I would like to take the opportunity to launch a call to people who love and buy fashion: “the existence of brands like 8IGB and other young brands it’s thanks to your interest for them, so don’t buy clothes to belong, buy them because of their design, their message, their crafting; only that way young brands will make the difference and can have a place in a fashion moment where the Hype and must have imposed by the marketing don’t even let us the time to think what we really want.”
So, to answer your question: yes, it’s very important to continue promoting this alternative aesthetic because “normativity and conformism dangers” are always around the corner.
VT: What role does sex and Matt Lambert’s erotic universe play in 8IGB?
RB: Matt Lambert is an example of a series of photographs I really admire like also Nan Goldin or Martin Parr… they have in common the will to find the raw truth and intimate essence of people, of course, sex represents the highest moment of intimacy where people show their most hidden sides.
The sex side of 8IGB was more visible in the first collections but it’s always there in a more subtle way, the brand it’s exploring each season new and different feelings like fear or anxiety but also positive ones like inclusion and love.

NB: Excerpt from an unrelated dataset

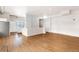 Spacious, open floor plan with hardwood floors connects the kitchen and living areas seamlessly at 70 W 6Th Ave # 109, Denver, CO 80204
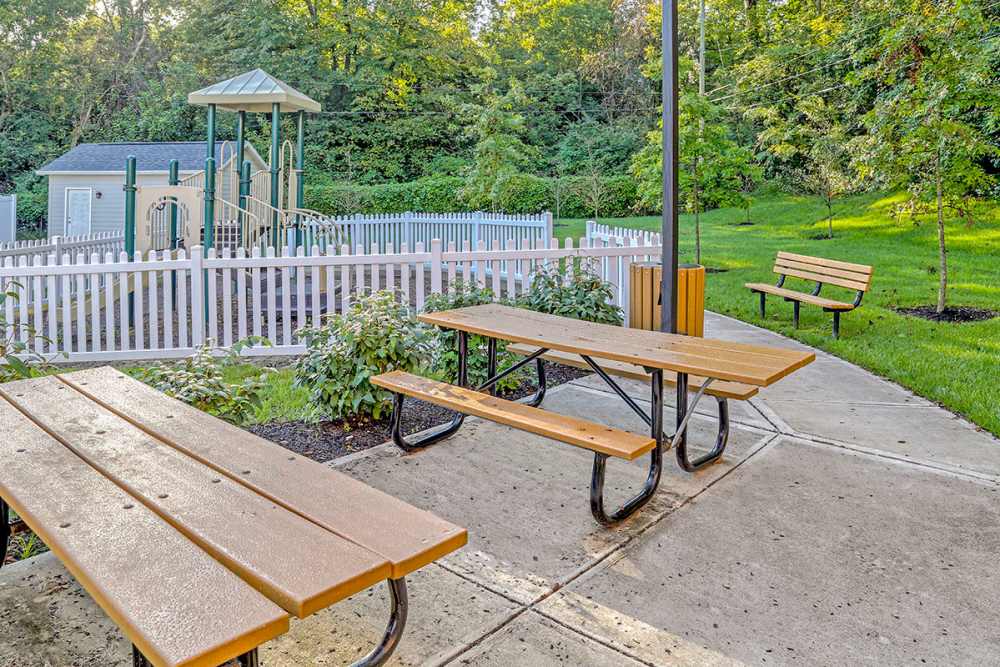 Picnic tables near a fenced playground surrounded at Alston Park in Cincinnati, Ohio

VT: In your latest proposal for the SS22 season entitled “Corn Face” we can appreciate that genderless, deconstructed and playful aesthetic with which to embark on a nostalgic journey. Could you take us a little deeper into the episode and tell us about all the artistic stimuli that make up the collection?
RB: Corn face collection was a collection full of different inspirations, I was actually scared at the beginning not to be able to combine all of them in a clear way but in my mind, it was making sense. I wanted to recreate a very personal summer atmosphere, when I was a young teenager and didn’t plan anything during summer and the only things I had to do was to ride the bike in the corn or tobacco fields and impatiently wait for the night to come to get scared with my beloved horror movies.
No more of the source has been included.